Exercise directions
For this exercise, retype all the data exactly and exclude every image.
++++++
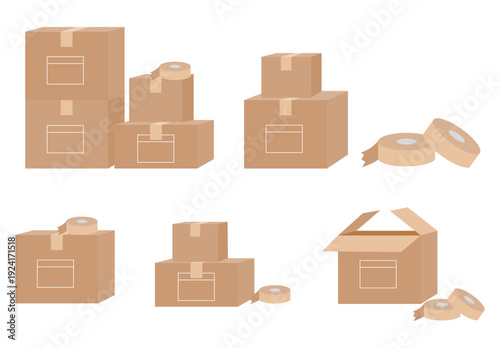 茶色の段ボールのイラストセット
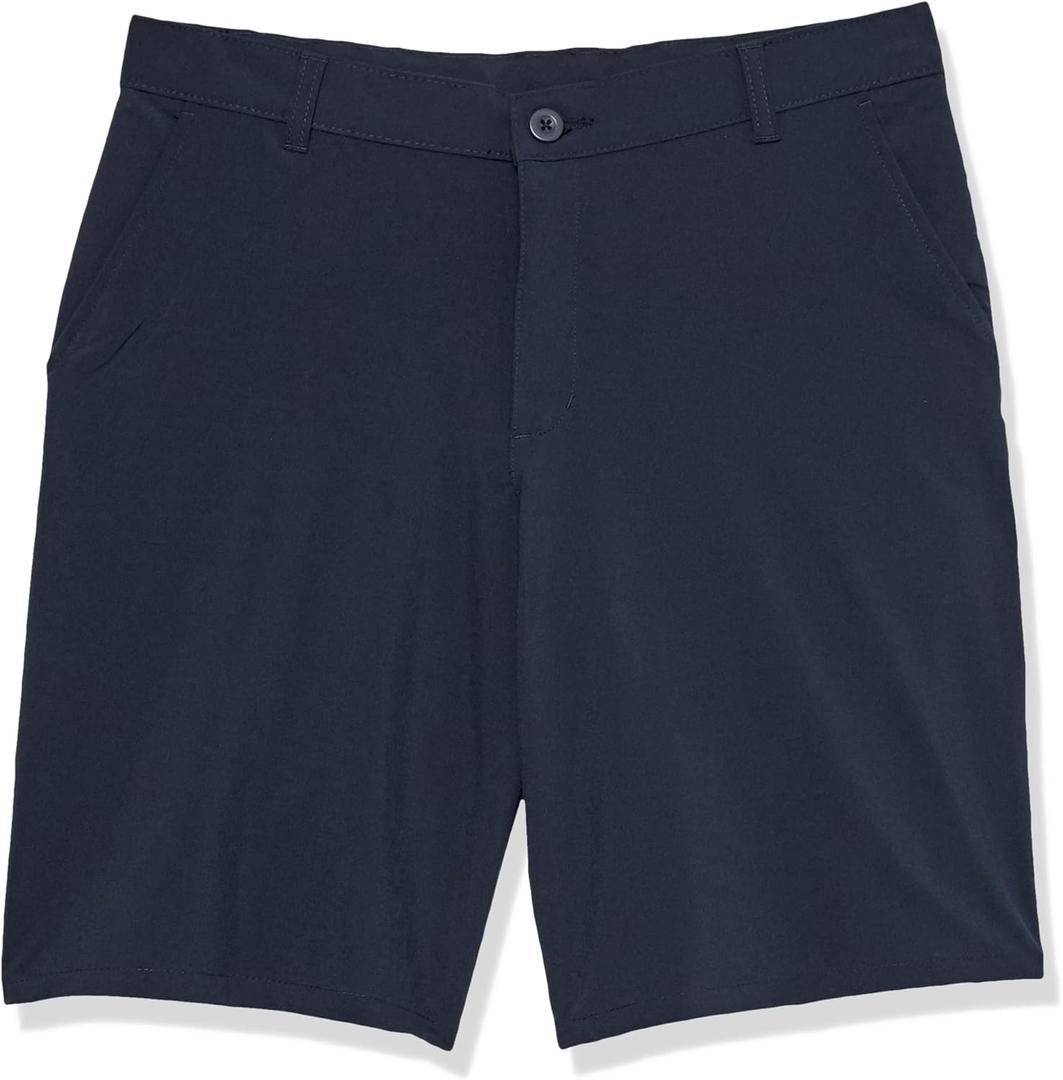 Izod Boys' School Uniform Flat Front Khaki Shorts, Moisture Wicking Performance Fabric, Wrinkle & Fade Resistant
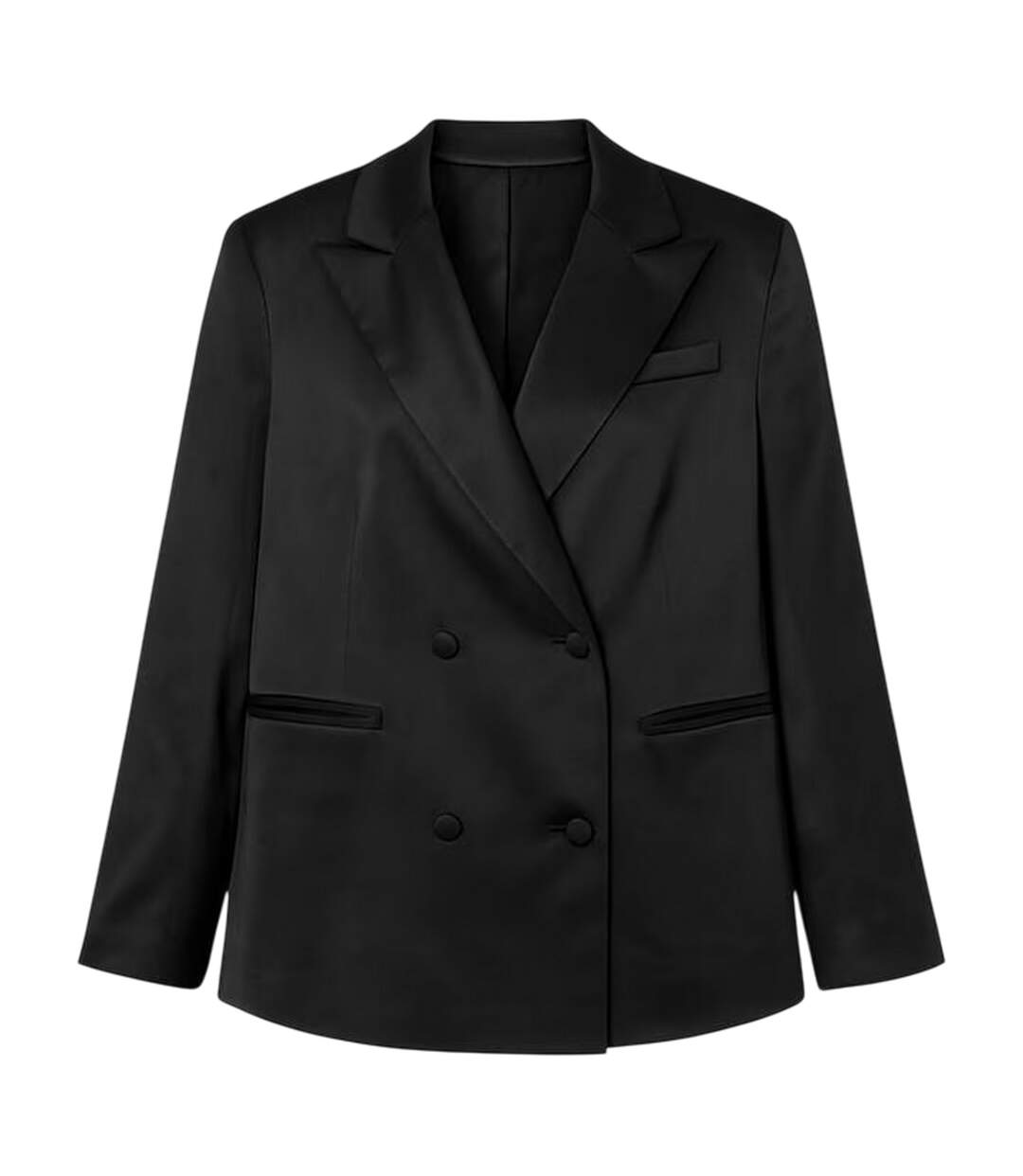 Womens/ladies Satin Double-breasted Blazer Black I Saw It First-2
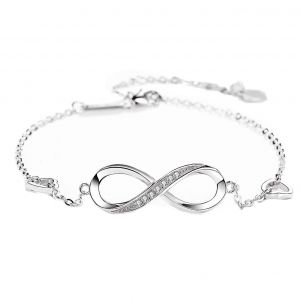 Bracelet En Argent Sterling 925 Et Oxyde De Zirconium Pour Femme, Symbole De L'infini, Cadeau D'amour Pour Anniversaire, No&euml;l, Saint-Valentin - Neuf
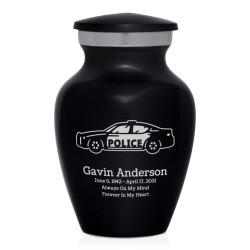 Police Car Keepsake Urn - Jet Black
++++++
Final answer
 茶色の段ボールのイラストセット
 Izod Boys' School Uniform Flat Front Khaki Shorts, Moisture Wicking Performance Fabric, Wrinkle & Fade Resistant
 Womens/ladies Satin Double-breasted Blazer Black I Saw It First-2
 Bracelet En Argent Sterling 925 Et Oxyde De Zirconium Pour Femme, Symbole De L'infini, Cadeau D'amour Pour Anniversaire, No&euml;l, Saint-Valentin - Neuf
 Police Car Keepsake Urn - Jet Black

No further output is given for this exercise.